Thrombocytopenia is a condition that is characterized when your blood has a lower amount of blood cell fragments called platelets than the normal number.
Platelets are produced in your bone marrow along with other types of blood cells. They regulate through your blood vessels and combine together to stop any bleeding that may occur if a blood vessel is ruptured. Platelets also are known as thrombocytes because a clot also is called a thrombus.
Causes of thrombocytopenia
Many factors can cause thrombocytopenia. The condition can be either inherited or acquired.
In general, thrombocytopenia occurs because:
- The body's bone marrow doesn't form enough platelets.
- The bone marrow forms enough platelets, but the body finishes them or uses them up.
- The spleen holds on to too many platelets.
A combination of the above factors may also cause thrombocytopenia.
Signs and symptoms of thrombocytopenia
Mild to serious bleeding is the main cause of the signs and symptoms shown in case of thrombocytopenia. Bleeding can occur inside your body or underneath your skin or from the surface of your skin.
Signs and symptoms of the disease can be seen suddenly or with time. Often mild thrombocytopenia has no signs or symptoms. Most of the times, it is found during a routine blood test.
Check with your doctor if you have any signs of bleeding. Major thrombocytopenia can cause bleeding in almost any part of the body.
Usually, external bleeding is the first sign of a low platelet count. External bleeding may cause purpura or petechiae. Purpura is purple, brown, and red bruises. This bruising may happen easily and often. Petechiae are small red or purple dots on your skin.
Other signs of external bleeding include:
- Prolonged bleeding, even from minor cuts
- Nosebleeds or bleeding from brushing your teeth
- Abnormal vaginal bleeding (especially heavy menstrual flow)
Heavy bleeding within the intestines or the brain is serious and can be fatal. Signs and symptoms include:
- If blood is found in the urine or stool or bleeding from the rectum. Blood in the stool can appear as red blood or as a dark, tarry color.
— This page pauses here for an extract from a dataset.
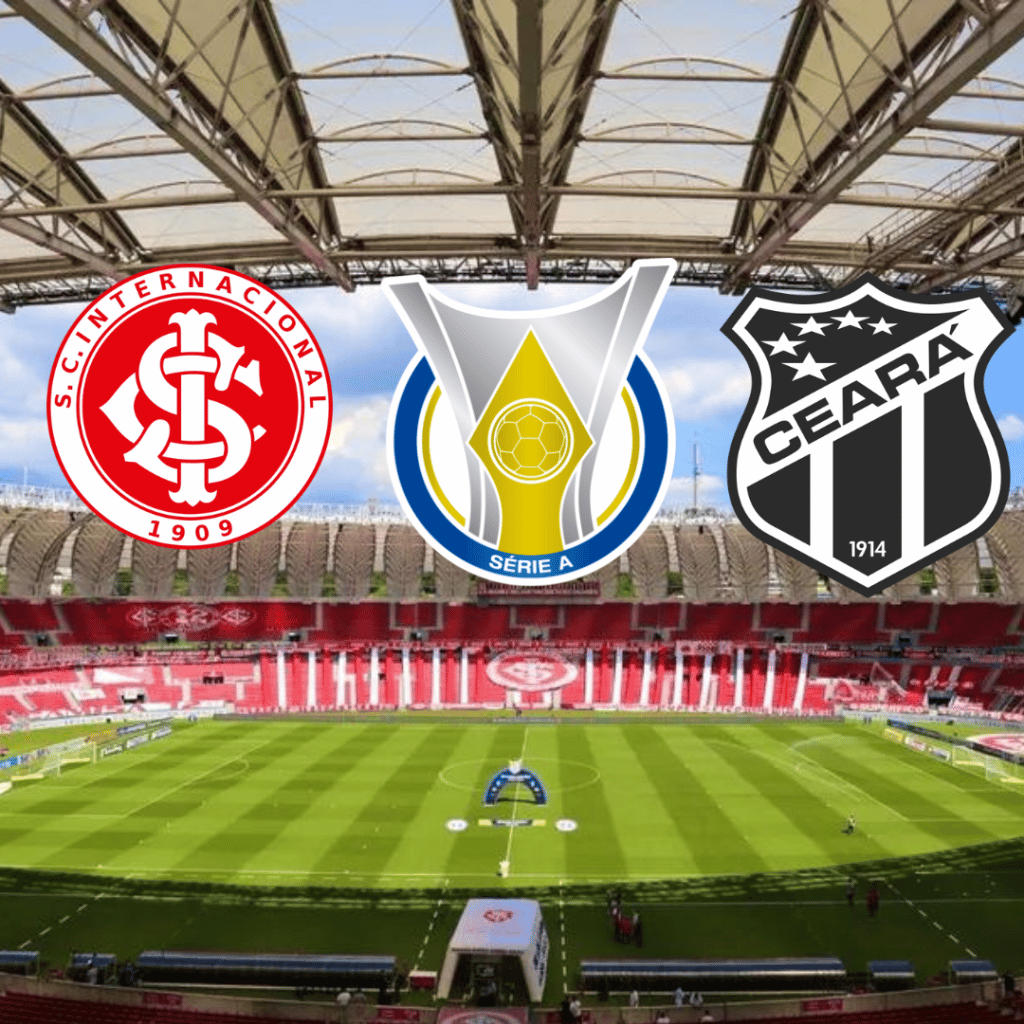 Palpite Internacional x Ceará – Prognóstico e transmissão do Brasileirão Série A (26/10)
- Headaches and other neurological symptoms.
Treatment for thrombocytopenia
The treatment of thrombocytopenia relies on its own cause and condition. The treatment is done to prevent death and disability caused by bleeding.
If your condition is mild, you may not need treatment. A fully normal platelet count isn't necessary to prevent bleeding, even with severe cuts or accidents.
When the underlying cause of thrombocytopenia is treated, it often improves at faster rate. The people who inherit this condition usually don't need any kind of treatment.
If your immune system is causing a low platelet count, your doctor may prescribe medicines to suppress the immune system.
If your thrombocytopenia is major, your doctor may prescribe different treatments like medicines, blood or platelet transfusions, or splenectomy.
Your doctor may prescribe corticosteroids, also called steroids for short. Steroids may slow platelet destruction. These medicines can be given through a vein or by mouth. One example of this type of medicine is prednisone.
The steroids that are used to treat thrombocytopenia are different from illegal steroids taken by some athletes to enhance their performance.
Your doctor may prescribe some of the immunoglobulins or medicines like rituximab to obstruct your immune system. These medicines are provided through a vein.
The doctor also may prescribe different medicines like eltrombopag or romiplostim to help your body make more platelets. The former comes as a tablet to take by mouth and the latter is given as an injection under the skin.
Blood or Platelet Transfusions
Generally, blood or platelet transfusions are used to treat people who have active bleeding or are at a high risk of bleeding. During this procedure, a needle is used to insert an intravenous (IV) line into one of your blood vessels. Through this line, you receive healthy blood or platelets.
A splenectomy is surgery to extract the spleen. This surgery can be used if treatment with medicines doesn't work properly. Mostly this surgery is used for adults who have immune thrombocytopenia (ITP). However, medicines often are the first course of treatment.